How The Maddox Firm Can Help Prove Your Disability Insurance Claim

If you are looking to file a short or long term disability claim, an ERISA attorney can help.

A Long Term Disability lawyer can help

The experienced team at The Maddox Firm has helped many clients with muscular or nerve conditions win their disability benefits from their insurance companies. We understand the disability claim process and what evidence you’ll need to get your short or long term disability claim approved.

Here are a few ways The Maddox Firm can assist with your disability claim:

  • Examining your disability insurance policies. Your disability insurance policy will lay out the eligibility requirements you must meet to receive disability benefits. The policy language can be confusing and difficult to parse if you are not familiar. The Maddox Firm will examine your employer’s disability policies and any private insurance policies you may have in order to analyze the terms and answer your questions about eligibility and timelines.

  • Gathering all of the strongest medical evidence for your claim. The Maddox Firm will request all medical records on your behalf. We can then review the existing medical evidence and determine if additional medical evidence is needed. For example, EMG results may provide evidence of your diagnosis and muscle/nerve conditions. However, it may be beneficial to acquire a supporting letter from your neurologist explaining the EMG results and how they substantiate your disability, as well as offering their opinion on your ability to work. This can be submitted as evidence in support of your disability claim with the insurance company. The Maddox Firm will coordinate with your treating doctors to obtain this supplemental documentation.

  • Recommending any additional testing. While an EMG provides objective evidence of your diagnosis and symptoms, it may be beneficial to undergo additional testing that will gauge your physical or cognitive functioning. For example, a Functional Capacity Evaluation (“FCE”) is a test conducted by a medical professional used to determine your level of physical function. If your muscle weakness, nerve pain, or other symptoms limit your ability to sit, stand, walk, lift, carry, or other physical functions, the FCE results will substantiate your restrictions and limitations. The Maddox Firm can refer you to trusted professionals who can perform the FCE, review the report for accuracy, and submit it on your behalf to your insurance company.
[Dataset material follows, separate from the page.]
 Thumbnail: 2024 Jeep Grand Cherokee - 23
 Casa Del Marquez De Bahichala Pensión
  • Obtaining all necessary vocational evidence. In addition to the medical evidence component of your short or long term disability claim, it’s important to provide your insurance company vocational evidence. Vocational evidence can include your resume and official job description. However, these may not sufficiently describe the scope of your job role and material occupational duties. We can assist you in writing a personal affidavit outlining your job duties and in obtaining a witness statement from a co-worker or employer describing your job role and any decline in your performance attributed to your medical condition. The Maddox Firm can also refer you to experienced vocational experts to obtain a vocational report to support your disability claim. These pieces of evidence can all be used to explain to your insurance company specifically how your medical condition prevents you from performing your occupation.

  • Handling all communications with your insurance company. The Maddox Firm will immediately take over all correspondence with your insurance company to ensure all paperwork is received and any questions or requests go through us.
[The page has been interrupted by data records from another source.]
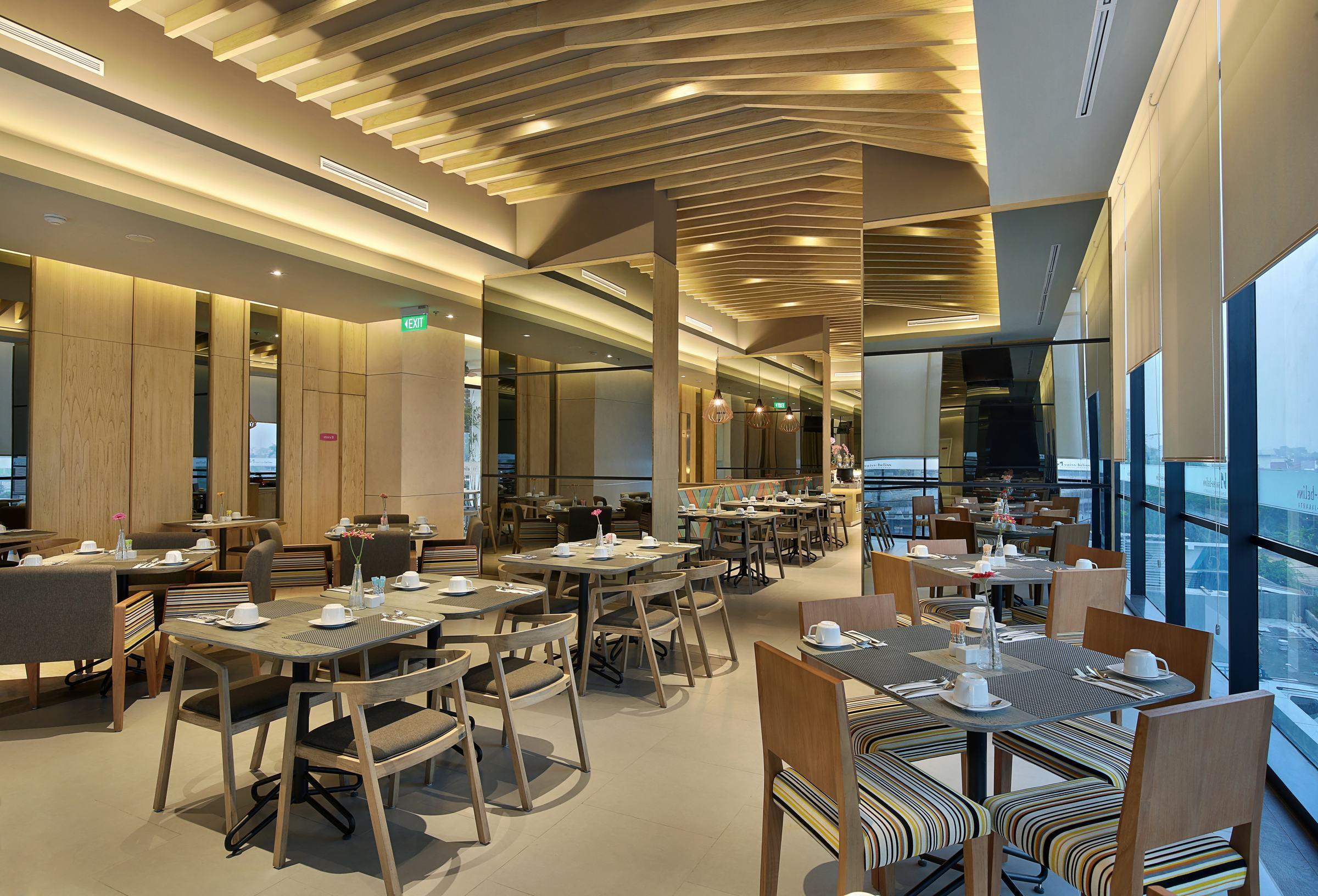 Swiss-Belinn Simatupang Jakarta Exteriér fotografie
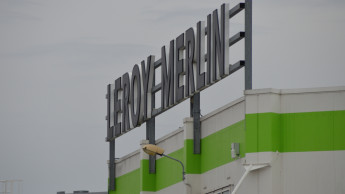 Home improvement retailers in France grow with the market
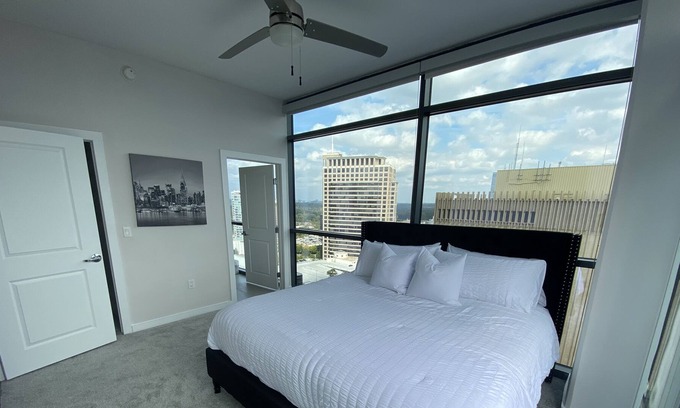 Lenox Condo | Buckhead Penthouse in the Sky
  • Filing an appeal or litigation on your behalf. If your disability claim has already been denied, or your benefits are terminated, The Maddox Firm can handle your appeal or litigation with your insurance company.
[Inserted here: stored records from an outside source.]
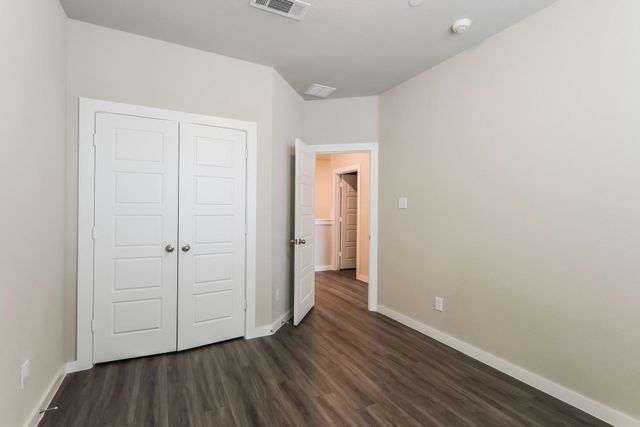 18334 W Centro Circle, Shenandoah, TX 77385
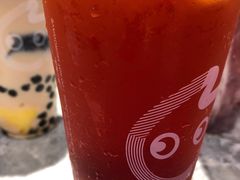 草莓果茶-CoCo都可(东城国贸店)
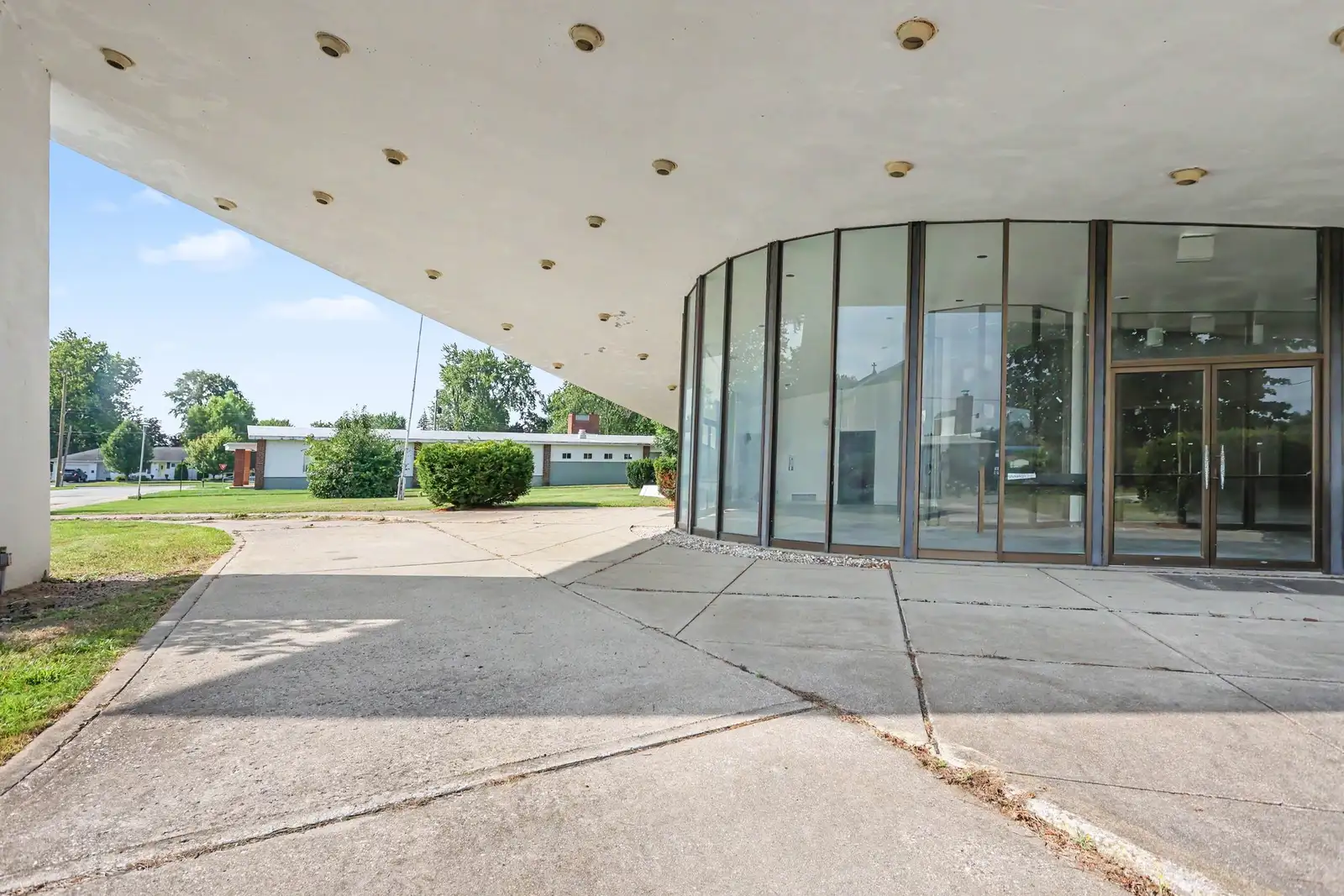 511 W Cornell St image 6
We always recommend speaking with a trusted attorney before filing or appealing a short or long term disability claim. Whether you are looking for assistance in navigating the claims process, appealing a claim denial, or litigating a final adverse decision, The Maddox Firm can help. The team at The Maddox Firm will look over your insurance policy, correspondence from your insurance company, medical records, and any other relevant documentation in order to give you personalized guidance on how we can help you win your short and/or long term disability claim.